+++ DATASET EXTRACT +++

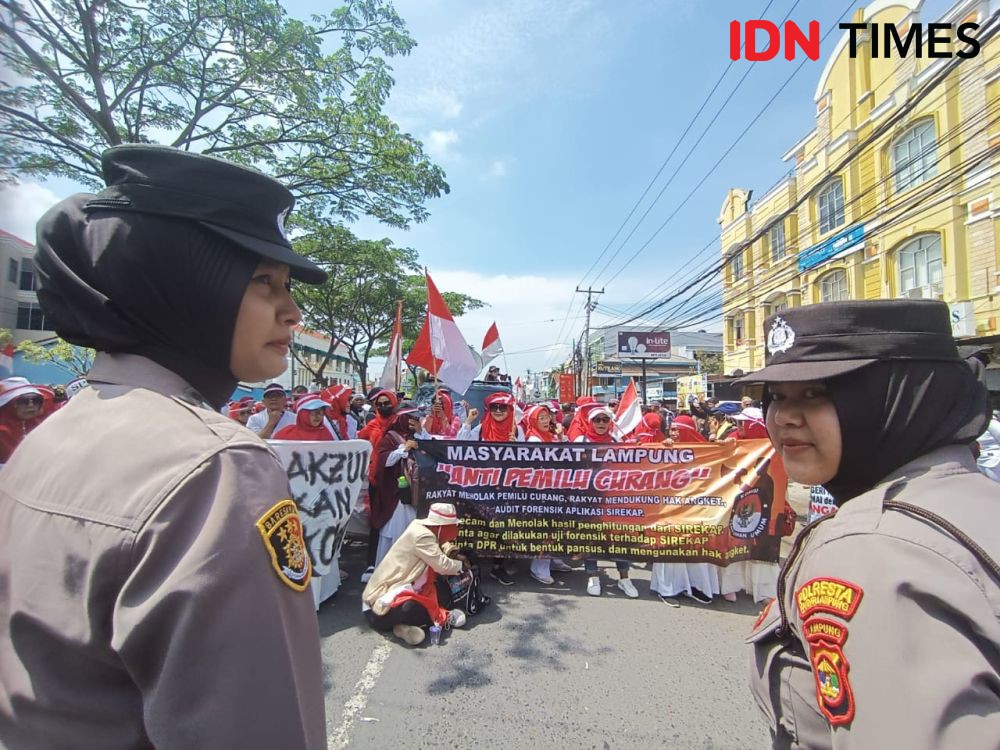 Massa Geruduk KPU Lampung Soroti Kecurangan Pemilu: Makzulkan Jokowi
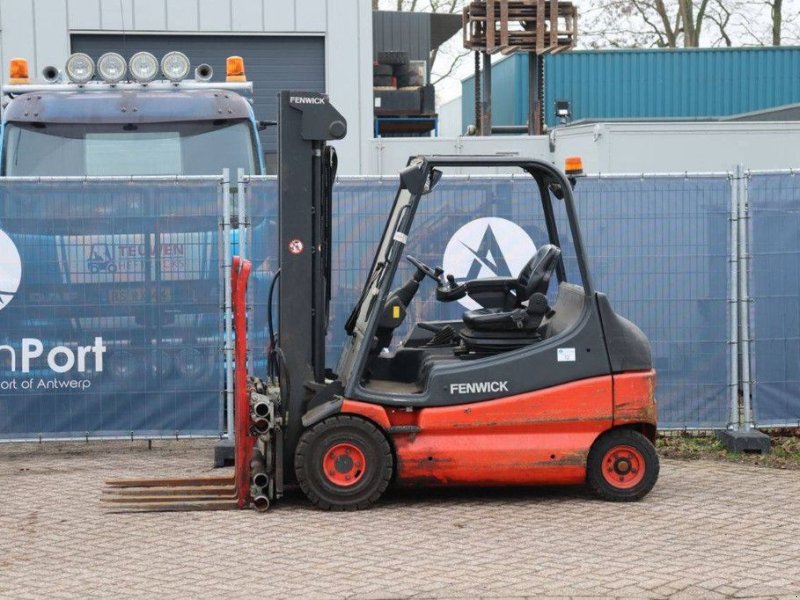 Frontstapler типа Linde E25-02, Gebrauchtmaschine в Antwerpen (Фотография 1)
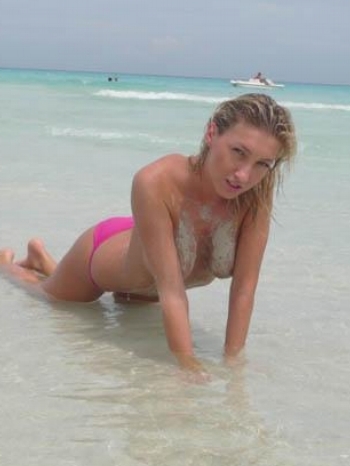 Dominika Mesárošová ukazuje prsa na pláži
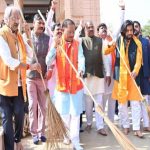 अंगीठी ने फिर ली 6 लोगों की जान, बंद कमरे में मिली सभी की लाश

+++
+++ DATASET EXTRACT +++

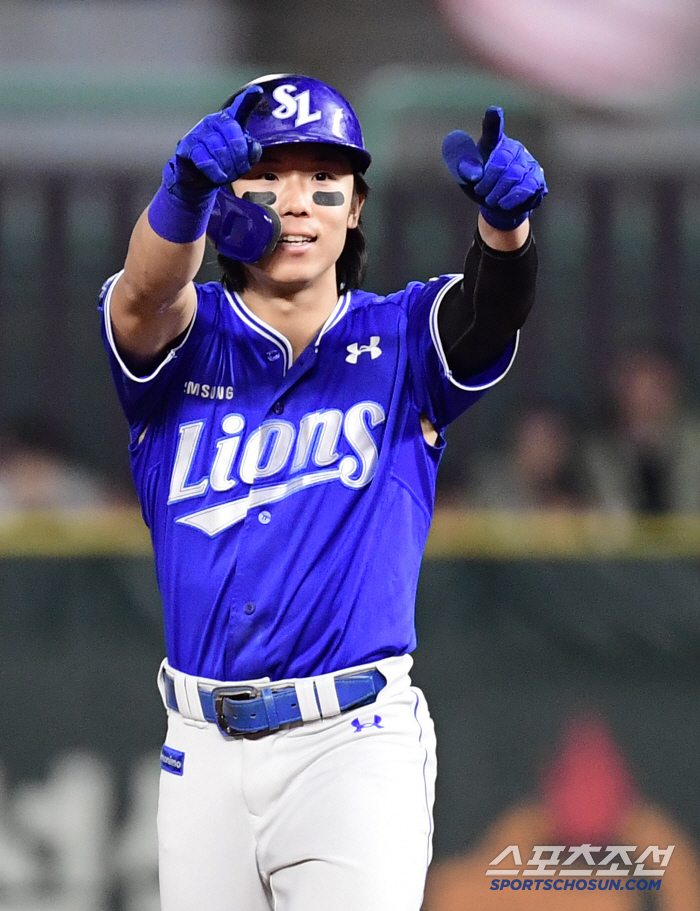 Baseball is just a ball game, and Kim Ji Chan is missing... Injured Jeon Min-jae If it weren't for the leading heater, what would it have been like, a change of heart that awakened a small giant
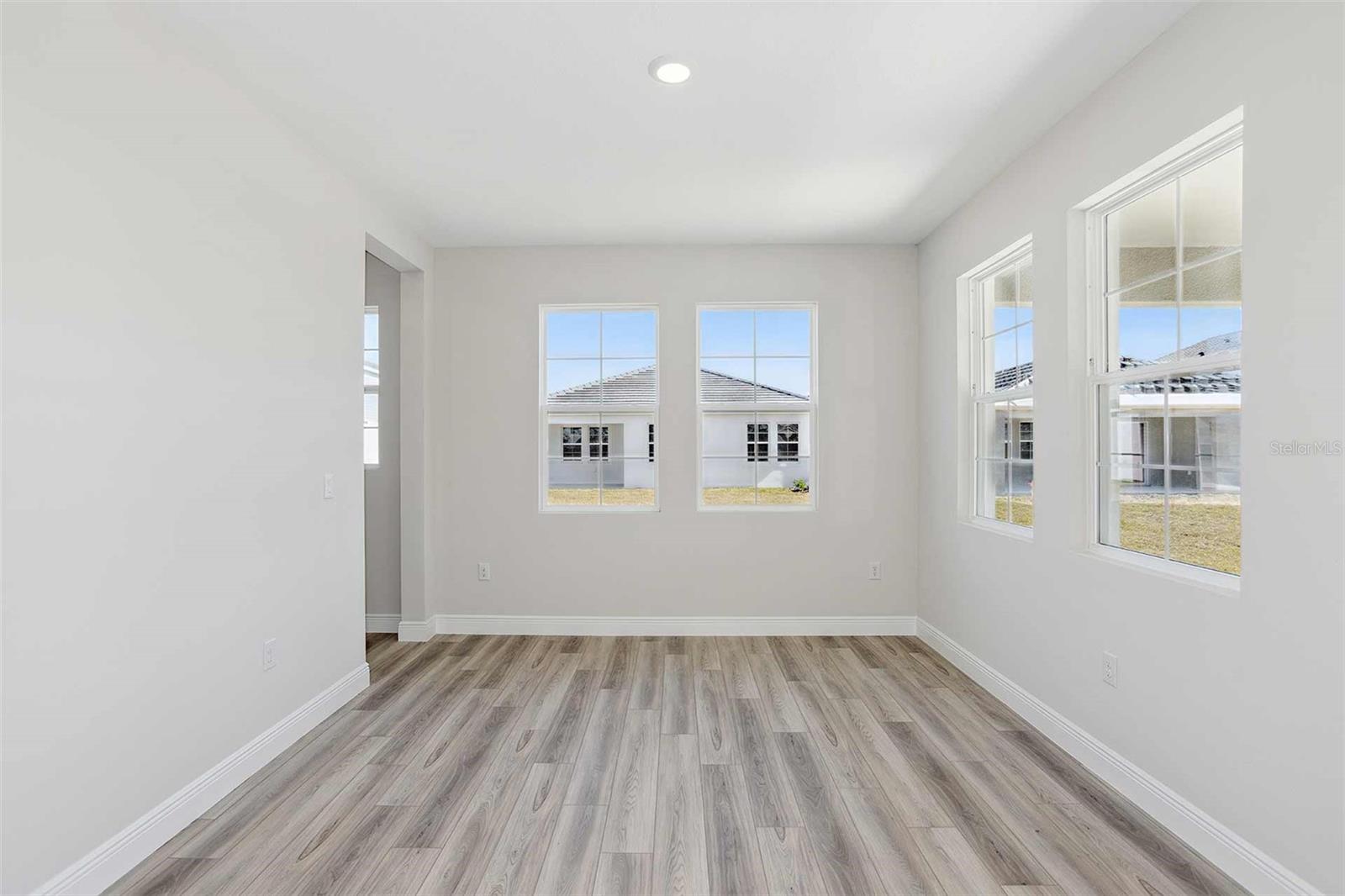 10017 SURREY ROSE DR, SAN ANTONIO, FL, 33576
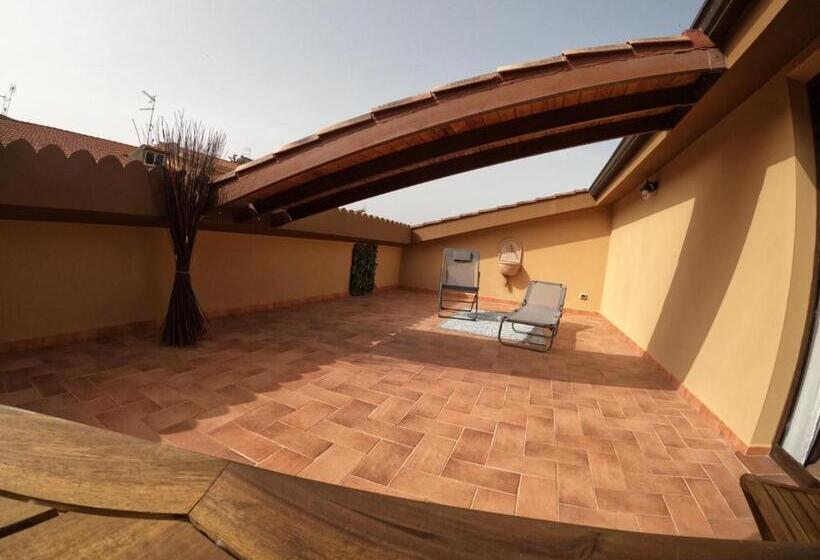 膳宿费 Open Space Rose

+++
+++ DATASET EXTRACT +++

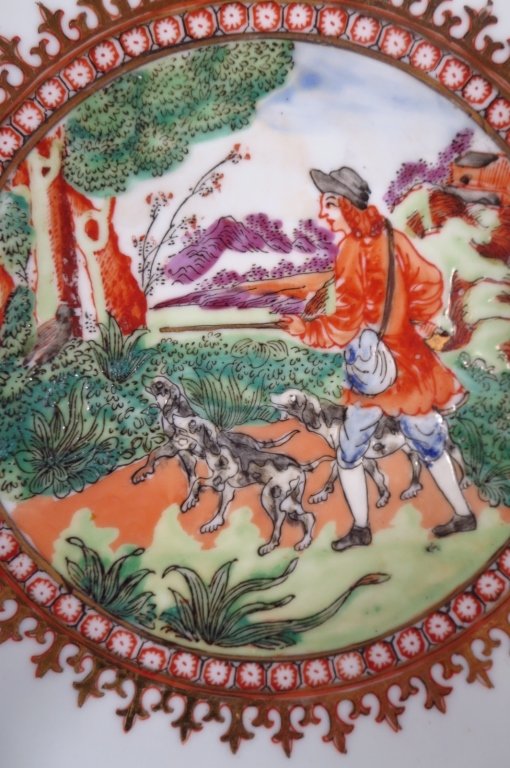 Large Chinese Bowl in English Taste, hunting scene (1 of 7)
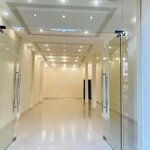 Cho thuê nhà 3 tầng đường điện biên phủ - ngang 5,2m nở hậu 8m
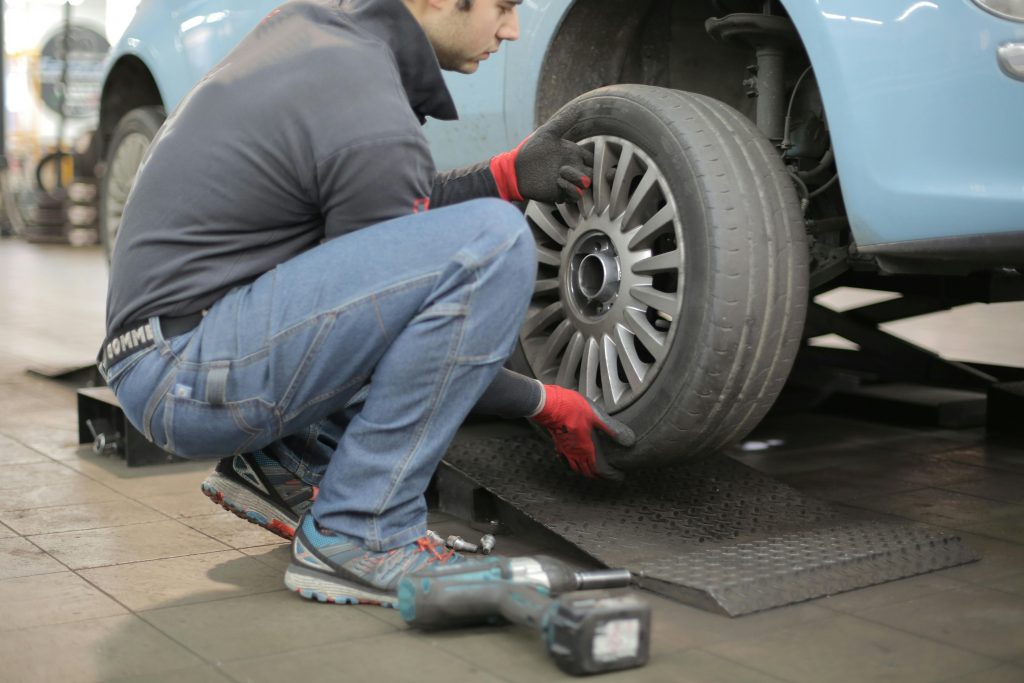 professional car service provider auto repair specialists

+++

=== PROBLEM TO SOLVE ===
Give back the exact lines above, running from the one that has "Massa Geruduk KPU" through the one that has "अंगीठी ने फिर", with nothing added and no pictures.

=== RESPONSE ===
 Massa Geruduk KPU Lampung Soroti Kecurangan Pemilu: Makzulkan Jokowi
 Frontstapler типа Linde E25-02, Gebrauchtmaschine в Antwerpen (Фотография 1)
 Dominika Mesárošová ukazuje prsa na pláži
 अंगीठी ने फिर ली 6 लोगों की जान, बंद कमरे में मिली सभी की लाश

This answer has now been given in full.